Nella letteratura scientifica è stato ormai dimostrato come nei bambini i disturbi d’ansia siano connessi a problemi di natura sociale, emotiva, scolastica, fisica e psichica. Solitamente, per questi disturbi vengono impiegati trattamenti cognitivo-comportamentali anche se è emerso come, nonostante questo tipo di intervento, circa il 40% dei bambini continui a soffrire di problemi legati all’ansia. Al fine di migliorare l’efficacia dei trattamenti, due ricercatori australiani si sono concentrati sull’identificare alcuni predittori dell’efficacia del trattamento stesso come le relazioni tra pari, che risultava essere una variabile non molto indagata. Allo scopo di esaminare l’impatto che le relazioni tra pari possono avere in questa tipologia di problemi, gli autori hanno condotto uno studio su un ampio campione di bambini affetti da disturbi d’ansia. I risultati hanno evidenziato come i bambini che percepiscono le loro relazioni amichevoli come maggiormente qualitative riescano a superare meglio i loro problemi relativi ai disturbi d’ansia, in un tempo di sei mesi, rispetto ai bambini con gli stessi disturbi e sottoposti allo stretto trattamento ma con una percezione qualitativamente inferiore delle loro relazioni amicali. Oltre a ciò, un risultato ancora più interessante è dato dal fatto che gli esiti del trattamento non risultano essere correlati a misure della qualità dell’amicizia fornita dai bambini indicati come “migliori amici” dei partecipanti allo studio; in altre parole, quello che è centrale non è l’oggettiva quantità e qualità delle relazioni amicali instaurate quanto la percezione che di esse hanno i bambini affetti da disturbi d’ansia. In sintesi, quindi, da questa ricerca emerge come concentrarsi sulla percezione rispetto alle relazioni con i pari possa fornire un significativo vantaggio rispetto agli esiti di un percorso terapeutico, di tipo cognitivo-comportamentale, in bambini affetti da disturbi d’ansia.

Baker, J. R. & Hudson, J. L. (2013). Friendship quality predicts outcome in children with anxiety disorders. Behaviour Research and Therapy, 51, 31-36.

 

I video musicali e la percezione del proprio corpo: la centralità dell’autostima

Circa 150 milioni di persone guardano almeno un video musicale al mese: l’impatto di questo comportamento è stato dimostrato, nella letteratura scientifica di riferimento, essere in relazione ad una maggior accettazione della violenza contro le donne, ad atteggiamenti di genere stereotipati e ad una minore percezione dei rischi connessi alla guida sotto l’effetto di sostanze. Partendo da questi presupposti, un gruppo di ricercatori olandesi si cono concentrati sull’influenza che i video musicali hanno rispetto alla percezione del proprio corpo da parte delle ragazze conducendo uno studio su un campione di giovani studentesse universitarie. I risultati hanno evidenziato come le ragazze, dopo aver visto dei video musicali, abbiano una percezione peggiore del proprio corpo: l’esposizione a video musicali sembra quindi modificare la percezione che le ragazze hanno del proprio corpo. Inoltre, dopo aver visto video musicali le ragazze tendono a ritenere ideale un corpo più magro rispetto all’idea che avevano prima di vedere i video stessi.
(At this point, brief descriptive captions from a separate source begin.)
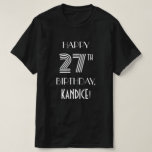 [ Thumbnail: Art Deco Inspired Style 27th Birthday Party Shirt ]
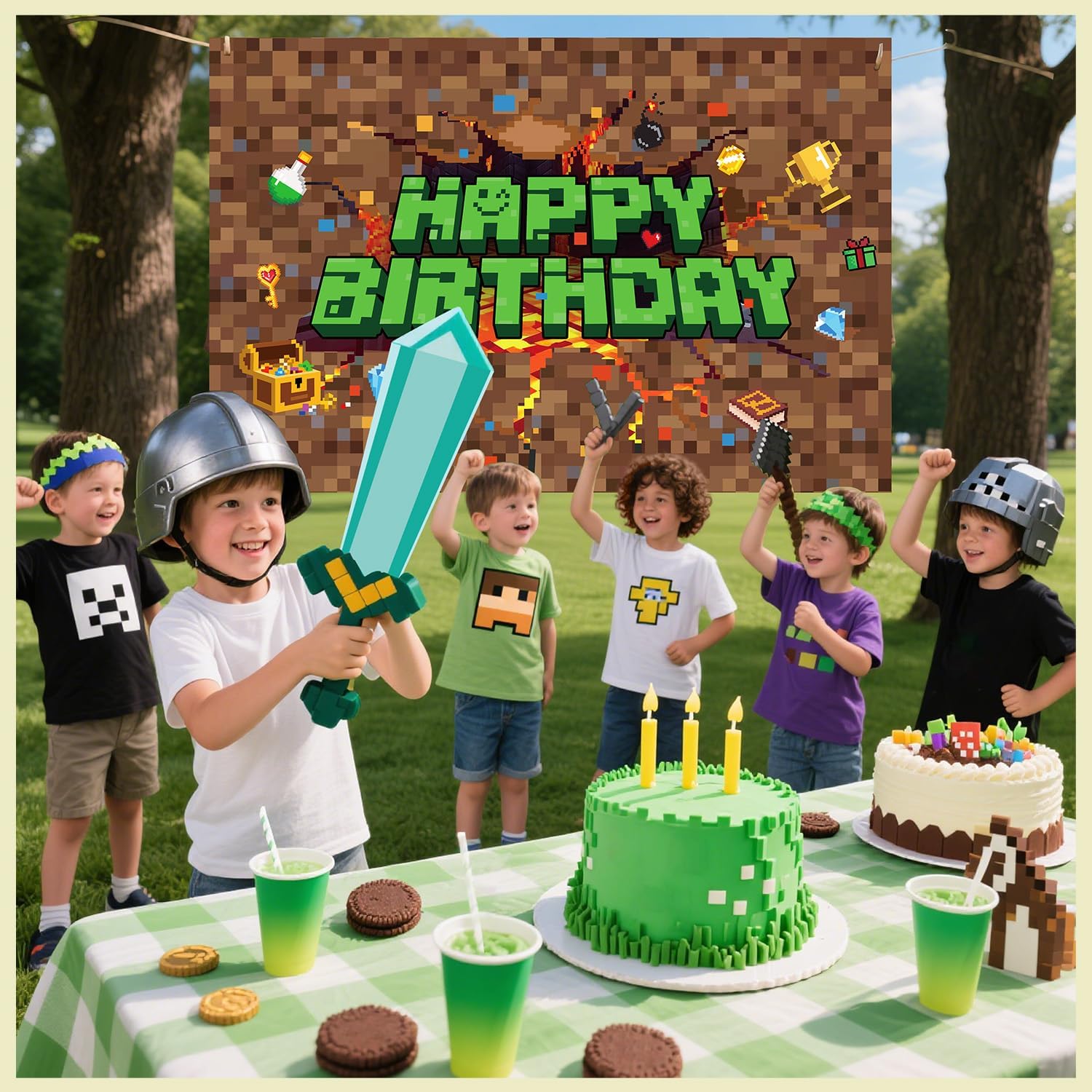 Pixel Birthday Decorations, 5x3 ft Happy Birthday Banner Backdrop for Miner TNT & Pixel Themed Celebration Kids Boys Game Party Supplies (Pixel Brown) thumbnail
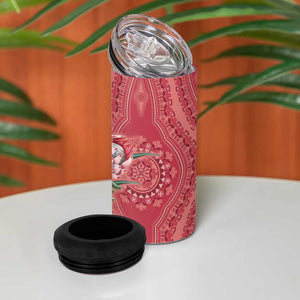 Afro King Proteas Dashiki Motif 4 in 1 Can Cooler Tumbler Peach Style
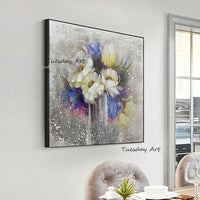 Hand Painted Retro Impression Oil Painting On Canvas Modern Abstract Flower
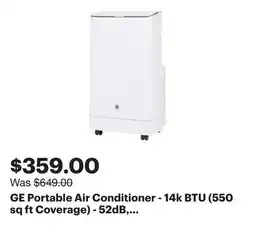 Best Buy GE Portable Air Conditioner - 14k BTU (550 sq ft Coverage) - 52dB, Remote - White offer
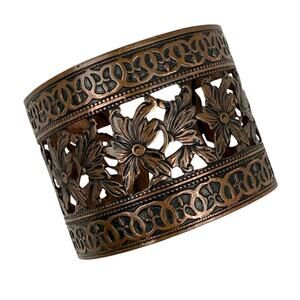 Vintage Solid Copper Floral Pierced Wide Cuff Bracelet Boho Southwestern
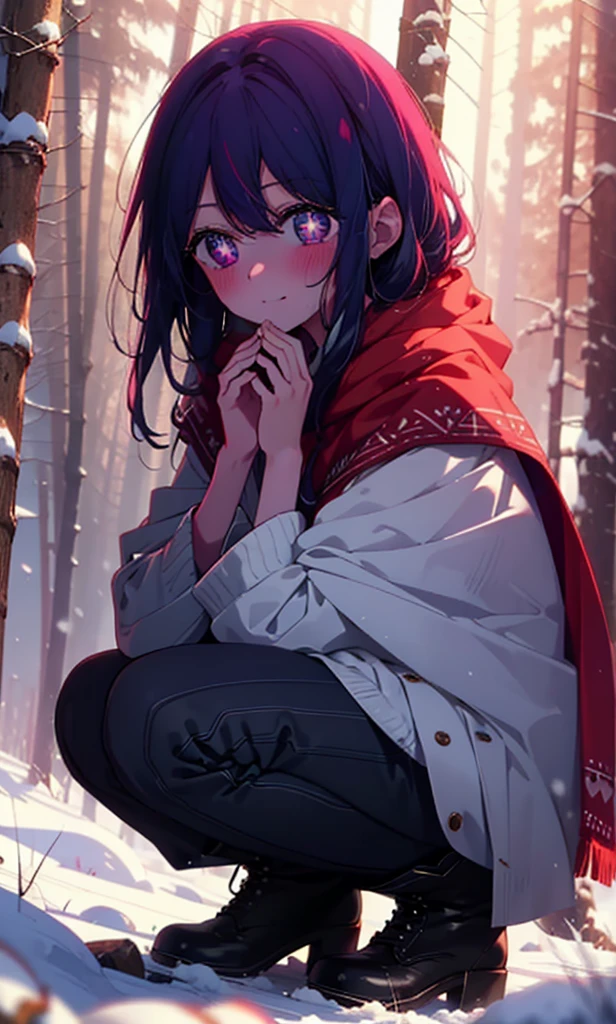 aihoshino, Ai Hoshino, Long Hair, bangs, (Purple eyes:1.1), Purple Hair, (Symbol-shaped pupil:1.5), smile,,smile,blush,White Breath,
Open your mouth,snow,Ground bonfire, Outdoor, boots, snowing, From the side, wood, suitcase, Cape, Blurred, , forest, White handbag, nature,  Squat, Mouth closed, Cape, winter, Written boundary depth, Black shoes, red Cape break looking at viewer, Upper Body, whole body, break Outdoor, forest, nature, break (masterpiece:1.2), Highest quality, High resolution, unity 8k wallpaper, (shape:0.8), (Beautiful and beautiful eyes:1.6), Highly detailed face, Perfect lighting, Highly detailed CG, (Perfect hands, Perfect Anatomy),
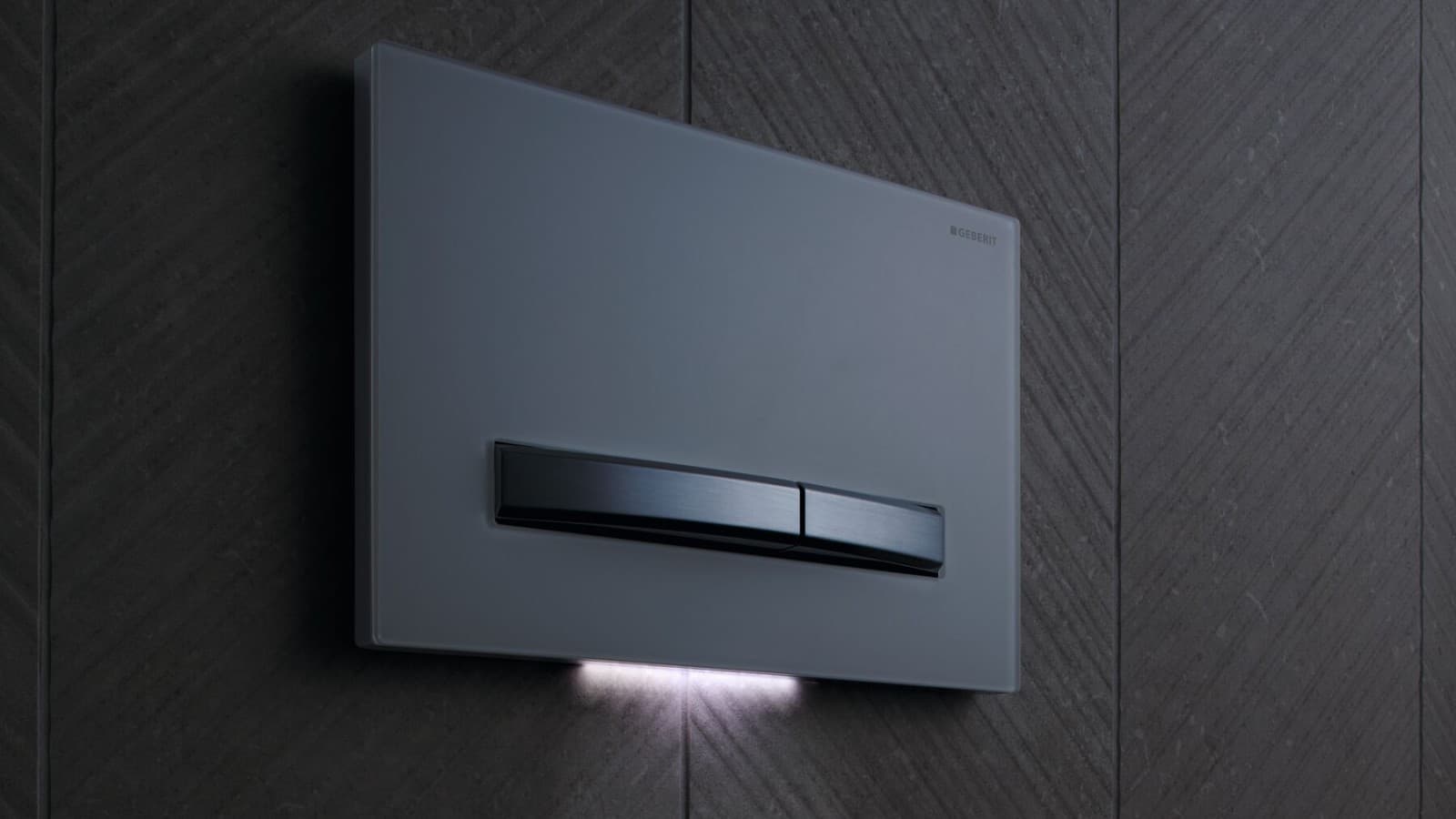 Geberit Sigma50 in white with orientation light Geberit Sigma50 in white with orientation light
Un risultato particolarmente interessante è dato dalla relazione che l’autostima ha con queste variabili: dallo studio, infatti, è emerso come le ragazze con bassa autostima tendano a percepirsi più negativamente delle ragazze con alta autostima dopo la visione dei video musicali; infatti, nelle ragazze con elevata autostima la visione di tali video non prova cambiamenti nella percezione del proprio corpo mentre, la stessa visione, produce un peggioramento nella percezione del proprio corpo nelle ragazze con bassa autostima. Per concludere, gli autori di questo lavoro hanno enfatizzato l’importanza di mettere a punto dei programmi per l’aumento dell’autostima in modo tale da proteggere le ragazze dagli effetti negativi determinati dall’influenza dei mass media, che è stato dimostrato essere connessi con numerosi disturbi soprattutto dell’alimentazione, come l’anoressia e la bulimia.

Mischner, I. H. S., van Schie, H. T., Wigboldus, D. H. J., van Baaren, R. B. & Engels, R. C. M. E. (2013). Thinking big: The effect of sexually objectifying music videos on bodily self-perception in young women. Body Image, 10, 26-34.